### What you should do
Starting at the line holding "여성 섹시 블랙 광택" and finishing at the line holding "Pantalon treillis 6", transcribe the material exactly, keeping both ends but no pictures.

### Records for the task
◆ ◆ ◆ ◆ ◆ ◆ ◆

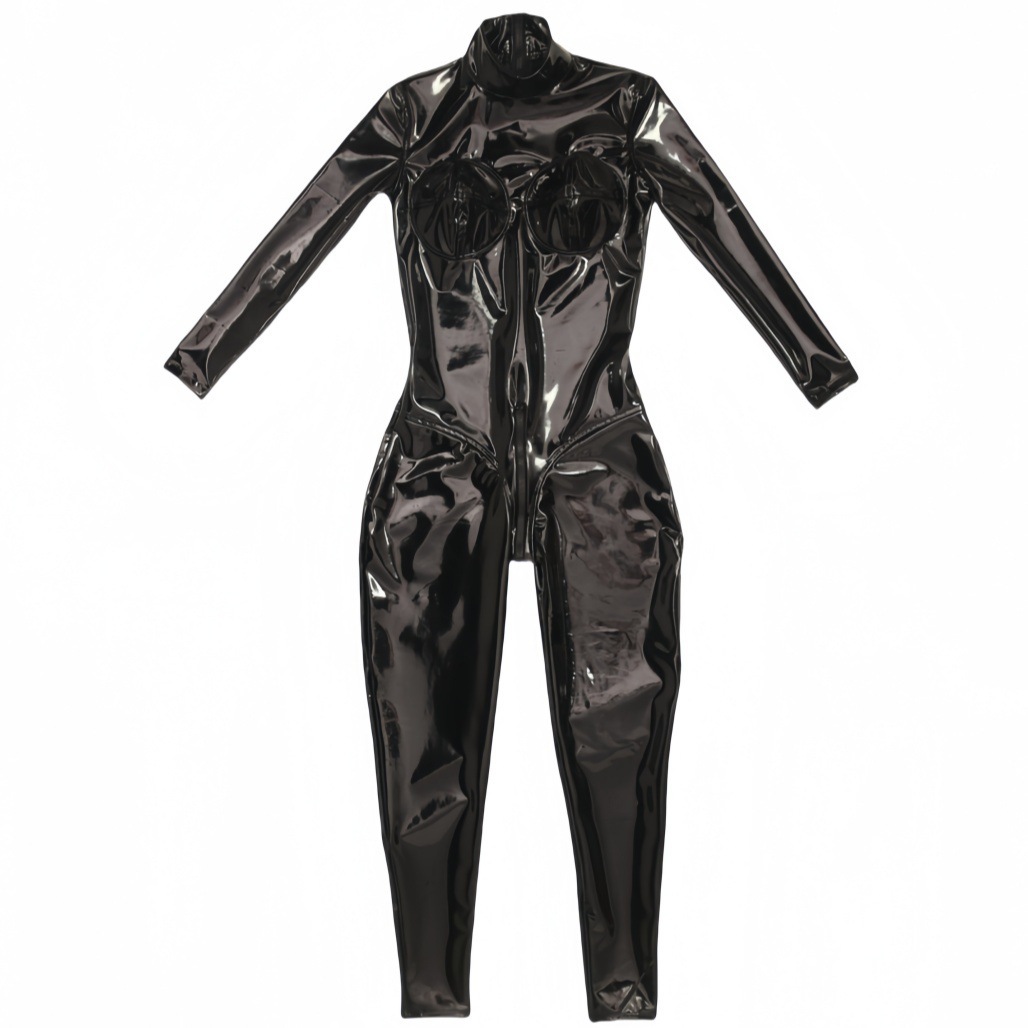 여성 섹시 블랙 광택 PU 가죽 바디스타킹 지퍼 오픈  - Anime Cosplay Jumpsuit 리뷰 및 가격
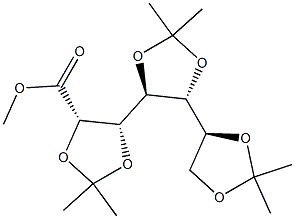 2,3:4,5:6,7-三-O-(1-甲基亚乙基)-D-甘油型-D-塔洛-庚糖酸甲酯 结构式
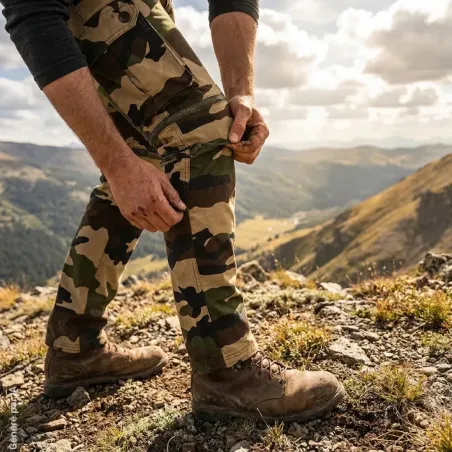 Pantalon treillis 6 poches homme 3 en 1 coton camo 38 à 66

◆ ◆ ◆ ◆ ◆ ◆ ◆

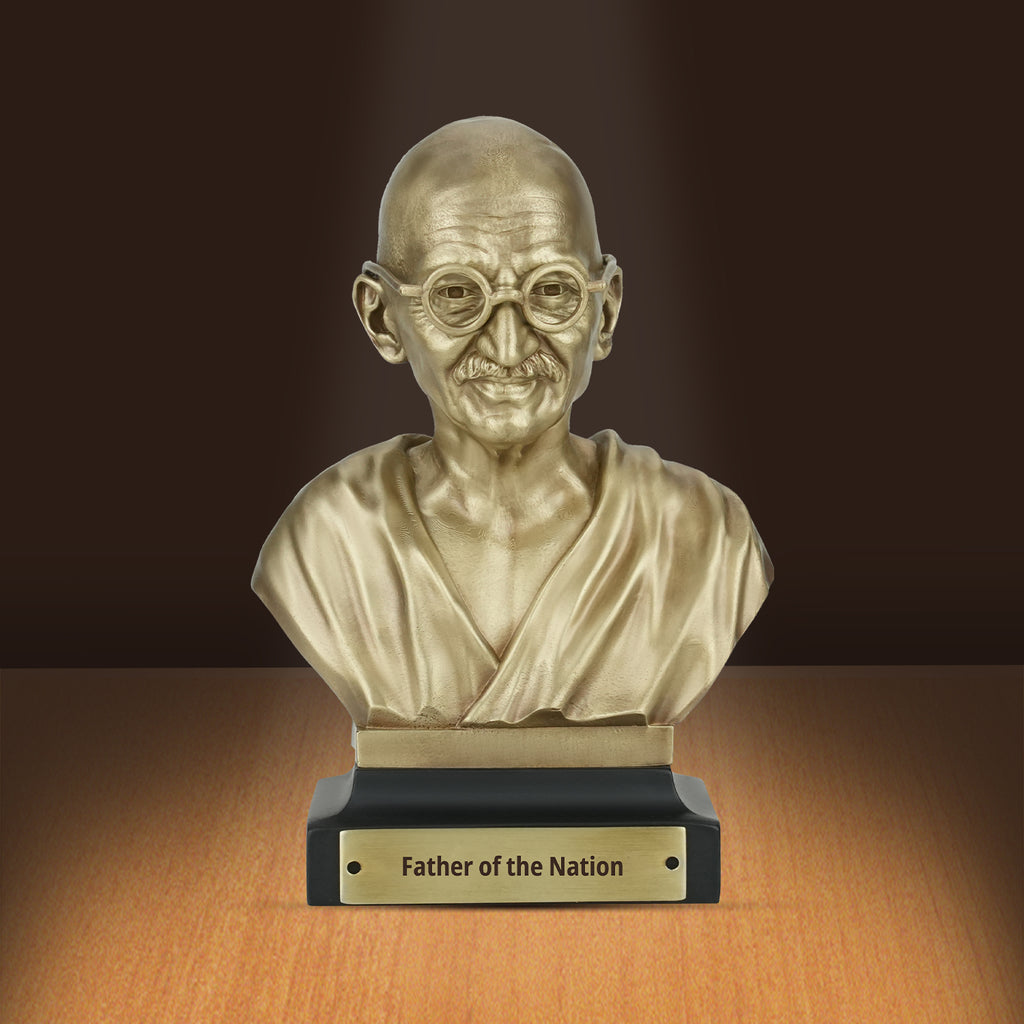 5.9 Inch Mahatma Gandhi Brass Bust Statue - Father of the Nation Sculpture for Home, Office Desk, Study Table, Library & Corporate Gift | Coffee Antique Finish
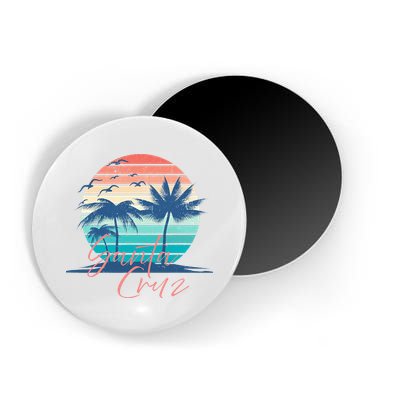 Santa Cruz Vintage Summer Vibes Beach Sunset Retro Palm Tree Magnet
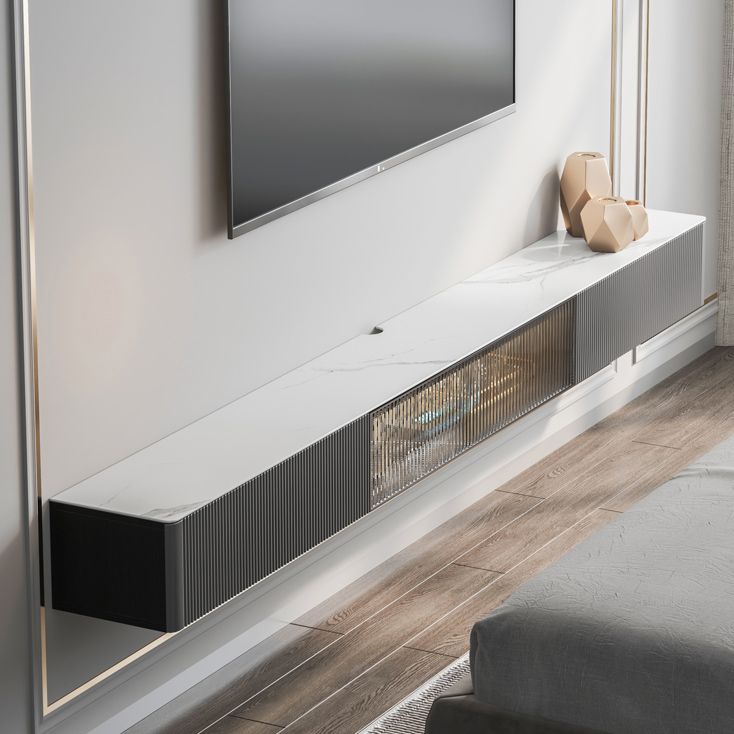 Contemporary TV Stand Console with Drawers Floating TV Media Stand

◆ ◆ ◆ ◆ ◆ ◆ ◆

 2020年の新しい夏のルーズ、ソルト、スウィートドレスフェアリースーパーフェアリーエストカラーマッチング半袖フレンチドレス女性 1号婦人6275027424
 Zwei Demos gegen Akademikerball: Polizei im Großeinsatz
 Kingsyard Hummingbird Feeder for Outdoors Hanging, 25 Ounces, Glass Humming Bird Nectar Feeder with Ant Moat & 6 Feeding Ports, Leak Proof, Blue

◆ ◆ ◆ ◆ ◆ ◆ ◆

### Answer area
 여성 섹시 블랙 광택 PU 가죽 바디스타킹 지퍼 오픈  - Anime Cosplay Jumpsuit 리뷰 및 가격
 2,3:4,5:6,7-三-O-(1-甲基亚乙基)-D-甘油型-D-塔洛-庚糖酸甲酯 结构式
 Pantalon treillis 6 poches homme 3 en 1 coton camo 38 à 66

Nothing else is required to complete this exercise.